At its core, this episode reveals a system that lets insiders profit from knowledge others don’t have. It’s institutionalised front-running. These were leveraged trades, made while holding non-public, market-moving information. Such behaviour isn’t just unethical—it corrodes shareholder trust and gives Indian markets the look of a rigged game.

SEBI defines “designated persons” as those whose roles provide access to unpublished price-sensitive information. Allowing such people to bet on their own bank’s securities is not only a conflict of interest—it is a betrayal of shareholder trust.
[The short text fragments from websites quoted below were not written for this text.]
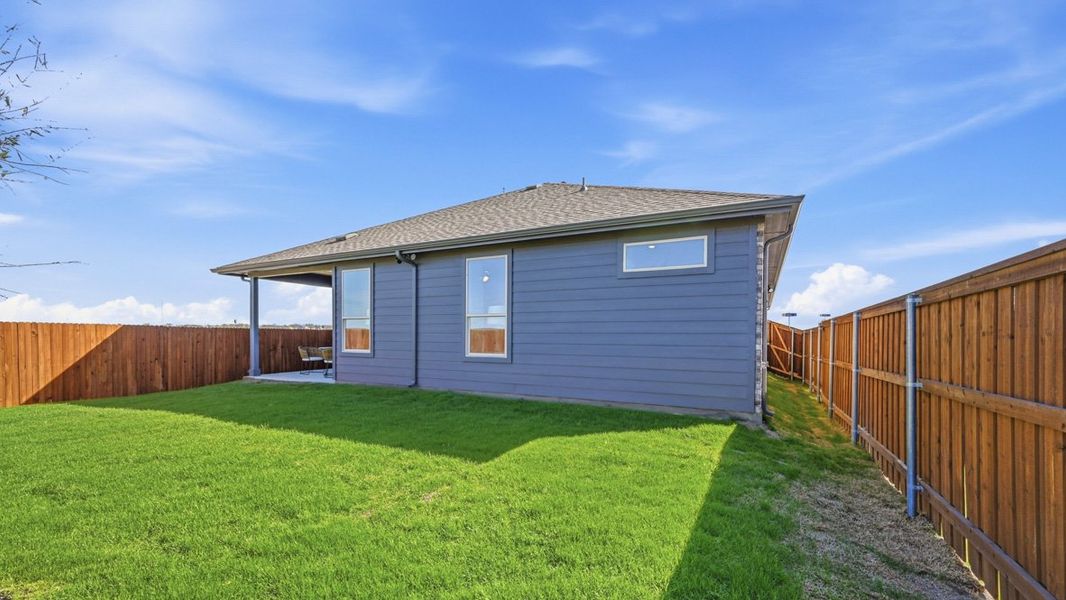 Representative exterior details of a home built from the Portales by D.R. Horton in Bluestem, Rhome (Image 24). Representative exterior details of a home built from the Portales by D.R. Horton in Bluestem, Rhome (Image 24).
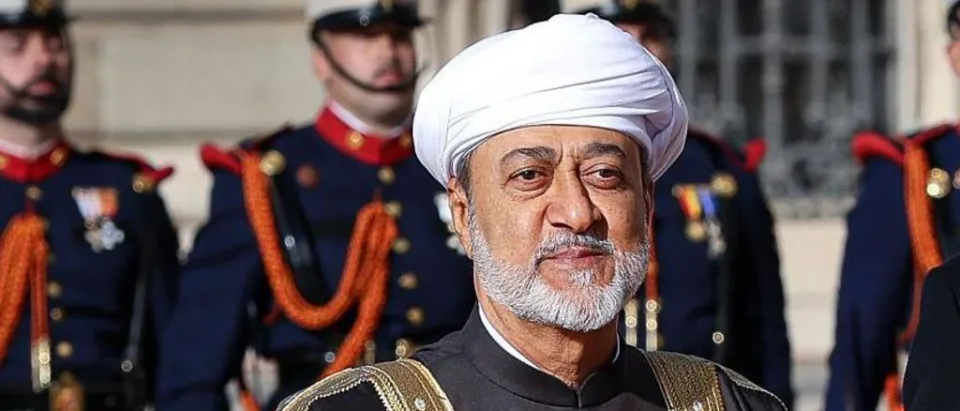 عُمان تصدر قانوناً جديداً لجرائم الإنترنت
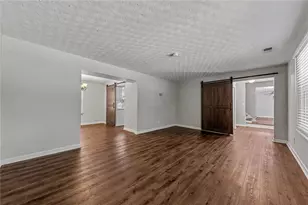 2570 Johnston Rd NW, Kennesaw, GA 30152 - Photo 16
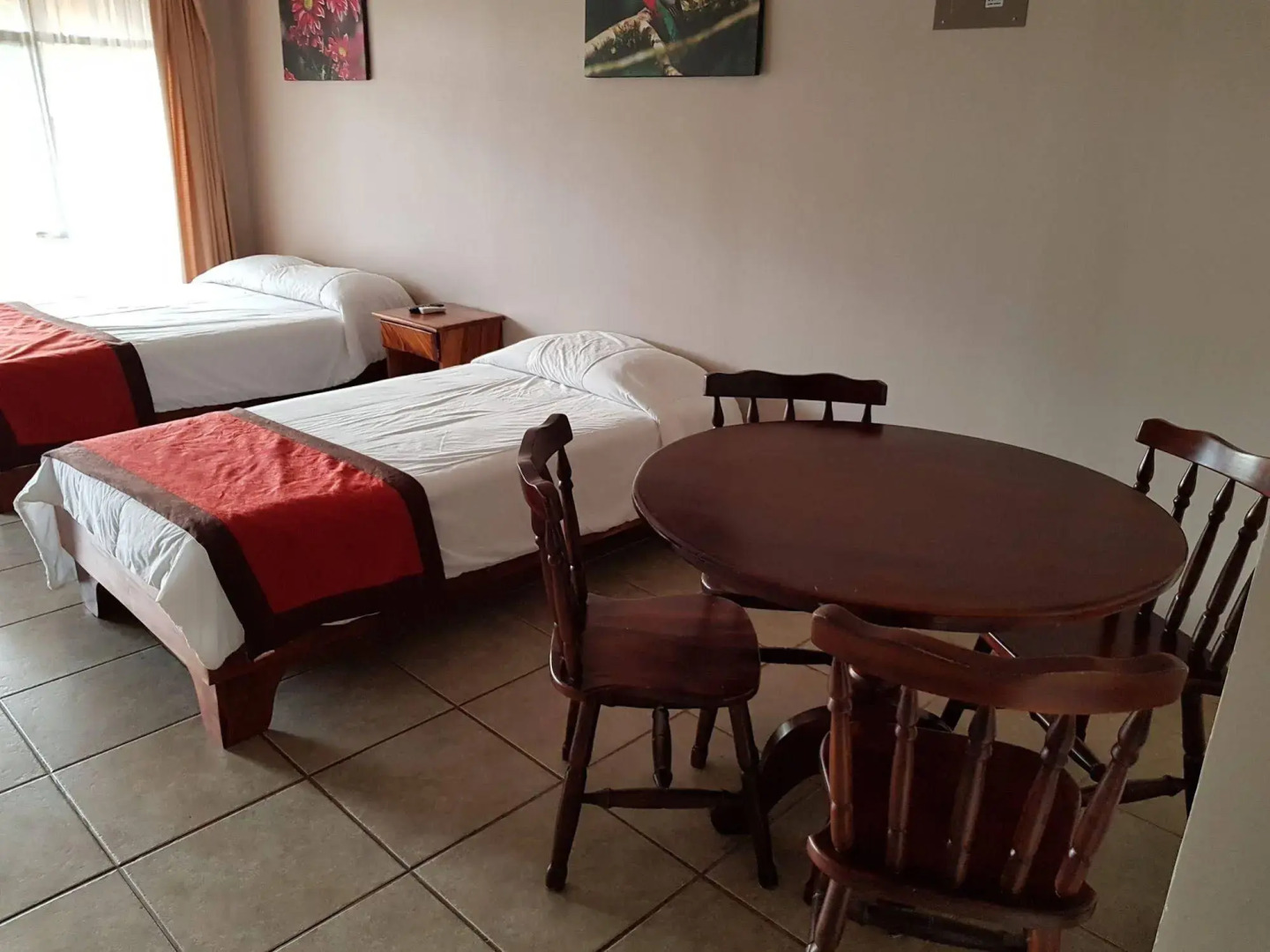 Hotel & Villas Huetares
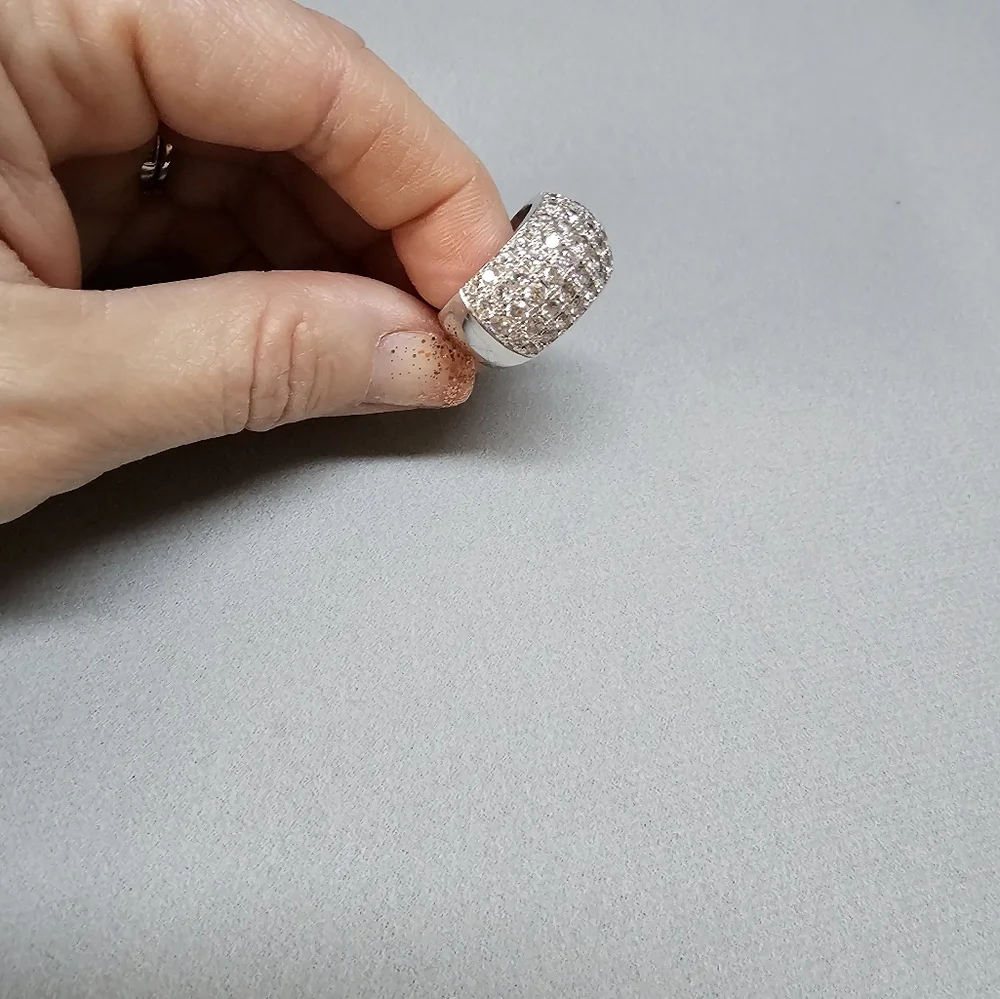 Ring - Picture 4 of 5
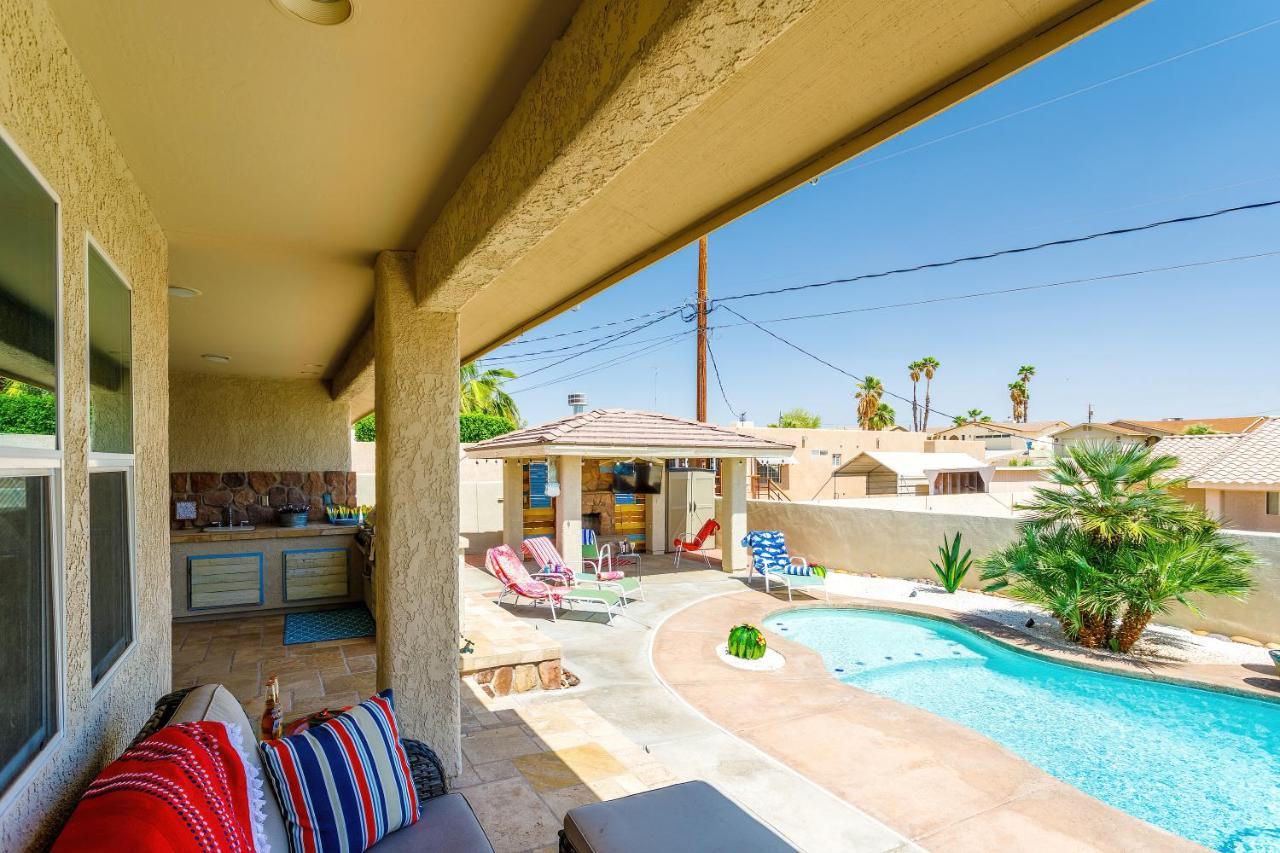 Rhythms Of Tom Tom Sparkling Pool * Lake Havasu City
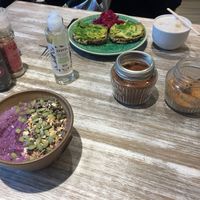 Smoothie bowl, avocado toast and cappuccino 💚 at Al Grano in Santiago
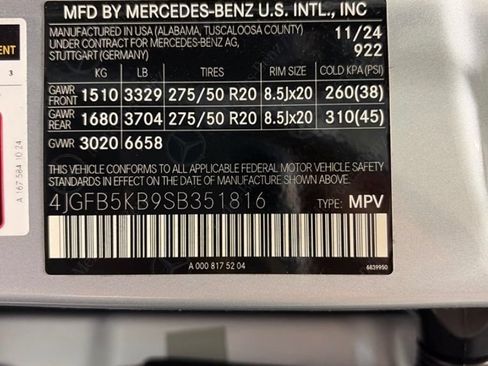 Certified 2025 Mercedes-Benz GLE 450 4MATIC image 25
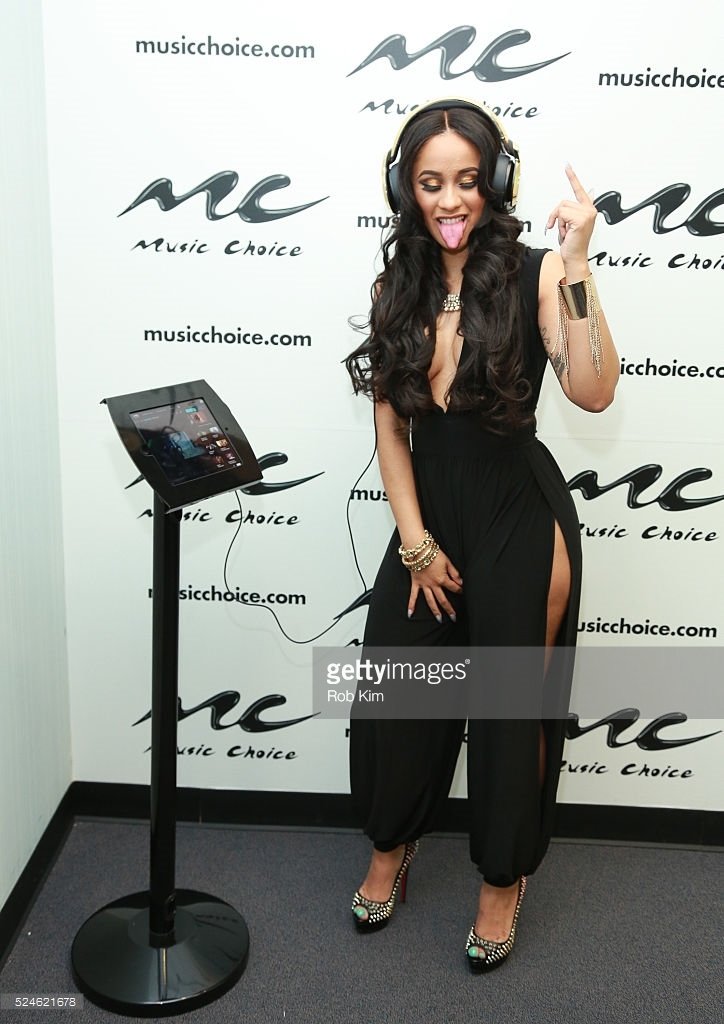 Cardi B feet photo 4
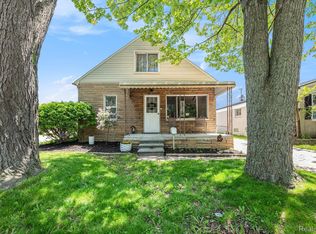 23124 Grove St, Saint Clair Shores, MI 48080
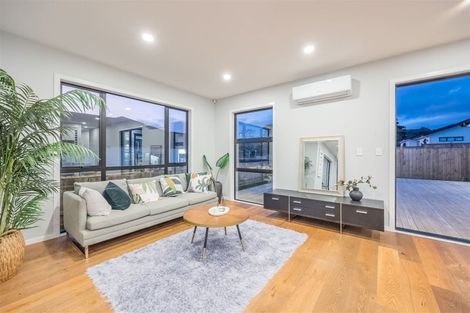 Photo of property in 22 Lewis Younie Road, Kumeu, 0810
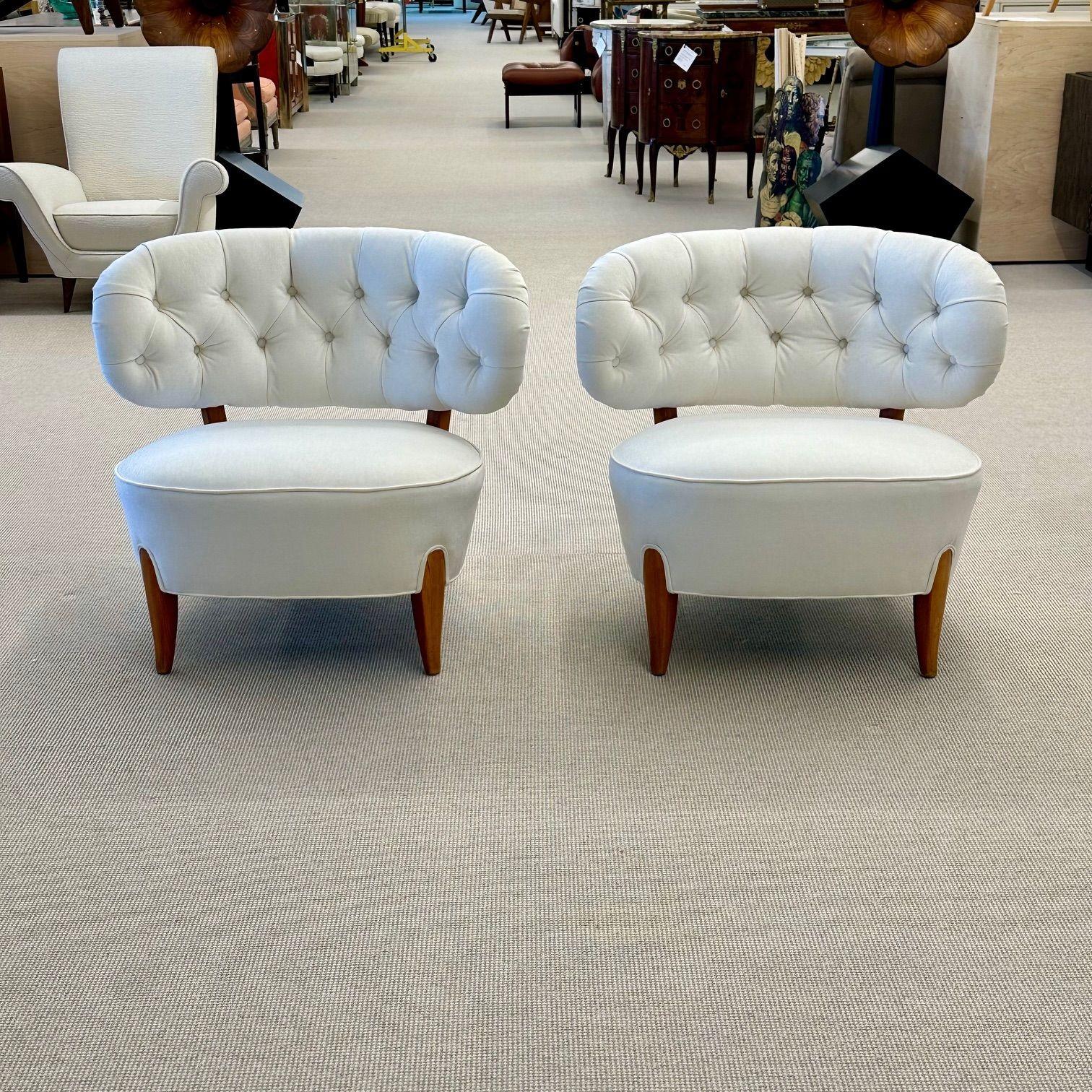 Otto Schulz, Mid-Century Lounge Chairs, White Velvet, Beech, Sweden, 1940s For Sale 12
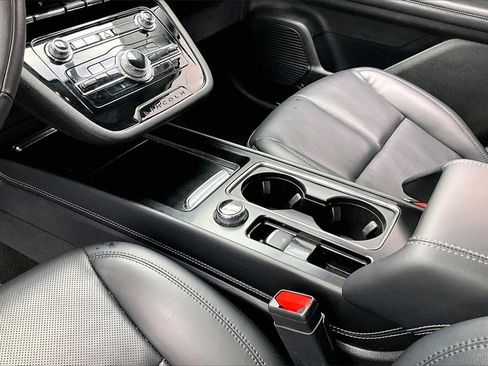 Used 2022 Lincoln Corsair AWD w/ Equipment Group 101A image 15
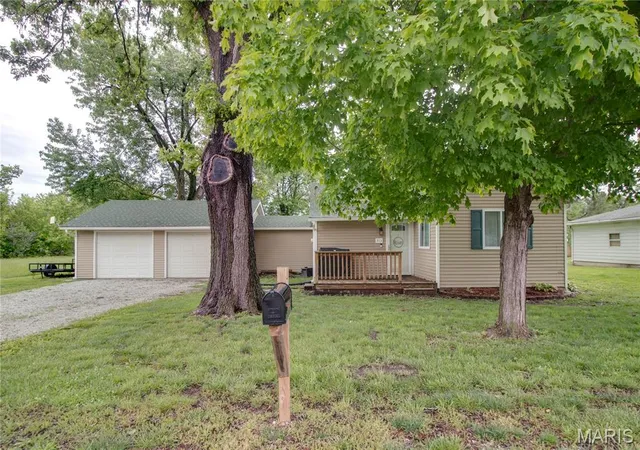 Homes for sale in Medora, IL | 313 E Charles St, Medora, IL 62063 | MLS# MIS26027707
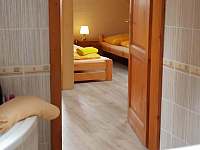 Koupelna 2 pro pětilůžkový pokoj - pronájem chalupy Turnov - Pelešany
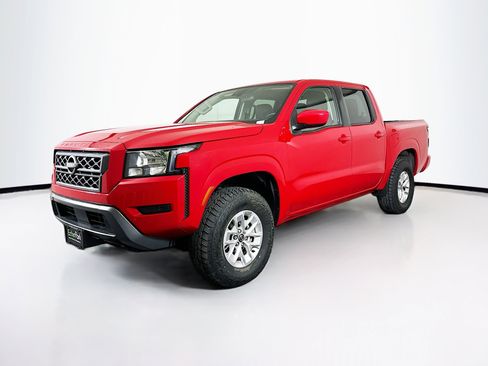 Used 2024 Nissan Frontier SV image 3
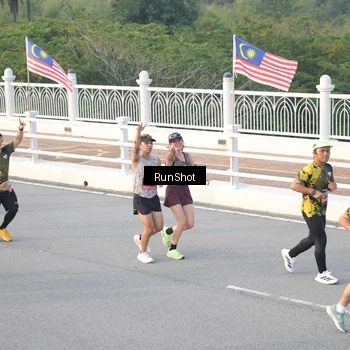 Runner Photo 6828959
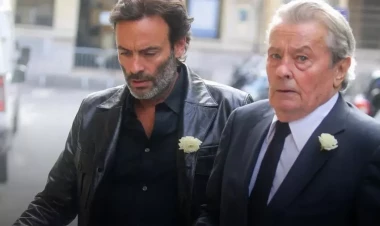 Alen Delonun qızı atasının xəstəlik sirrini gizlədib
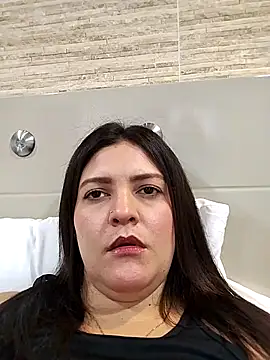 Mia Hampton online show from September 25, 8:50 pm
These employees exploited privileged knowledge to earn more than any regular shareholder could, violating basic principles of fairness and market transparency. Worse, they did so through derivatives—tools that multiply gains and losses. Disclosures do not neutralise this breach. In fact, they enable it—providing a veneer of legitimacy to what should be banned outright.

Banks occupy a unique role in the economy. They are custodians of public deposits and serve as channels for monetary policy and credit distribution. The RBI recognises this, which is why it applies strict “fit and proper” criteria for bank leadership, demanding integrity, competence, and ethical conduct.

The RBI’s framework is clear in spirit, even if not always in implementation. Trading derivatives based on insider information directly undermines the credibility of that framework. It breaks the covenant of trust between bankers, regulators, and the public.

Even IndusInd Bank’s own Code of Ethics prohibits trading on internal business developments and warns against personal interests conflicting with stakeholder obligations. That such trades were permitted despite this highlights both regulatory gaps and internal failings.

SEBI already bans insider trading, including in derivatives. Letting bank insiders trade even with disclosure not only violates this principle but also creates exploitable loopholes. This is not compliance—it’s gaming the system. It signals tolerance for behaviour that, in other countries, would invite swift penalties.

The systemic risk is not theoretical. Derivatives are leveraged bets. When misused inside a bank, they don’t just threaten trading desks—they endanger depositors, shareholders, and market stability. The world has seen this play out in rogue trader scandals that triggered massive losses and regulatory overhauls.

Globally, the rules are clear. In the US and the UK, insiders are strictly barred from speculative trading involving their own firms’ shares, especially through derivatives. These restrictions exist because even the appearance of conflict of interest can be corrosive.
India must follow suit. The RBI should explicitly prohibit bank employees with access to sensitive information from trading in derivatives tied to their own institutions—be it equity or debt. This would not be an overreach. This is RBI doing its job—restoring trust in a system now compromised.

Banks themselves must be barred from trading in their own securities, as this opens the door to manipulation. Enforcement should be strict, with penalties that include dismissal, financial sanctions, and criminal proceedings where warranted. A zero-tolerance policy is not an option—it is a necessity.

It is not enough to rely on disclosure regimes or codes of conduct. These have proven inadequate. What is needed is regulatory clarity and a willingness to act decisively.

The RBI cannot allow India's financial system to become a playground for insiders. The stakes are too high. Every instance of insider enrichment weakens the foundation of trust on which the financial system rests.

India’s aspirations to be a global financial hub rest on the credibility of its institutions. The time to act isn’t later—it’s now.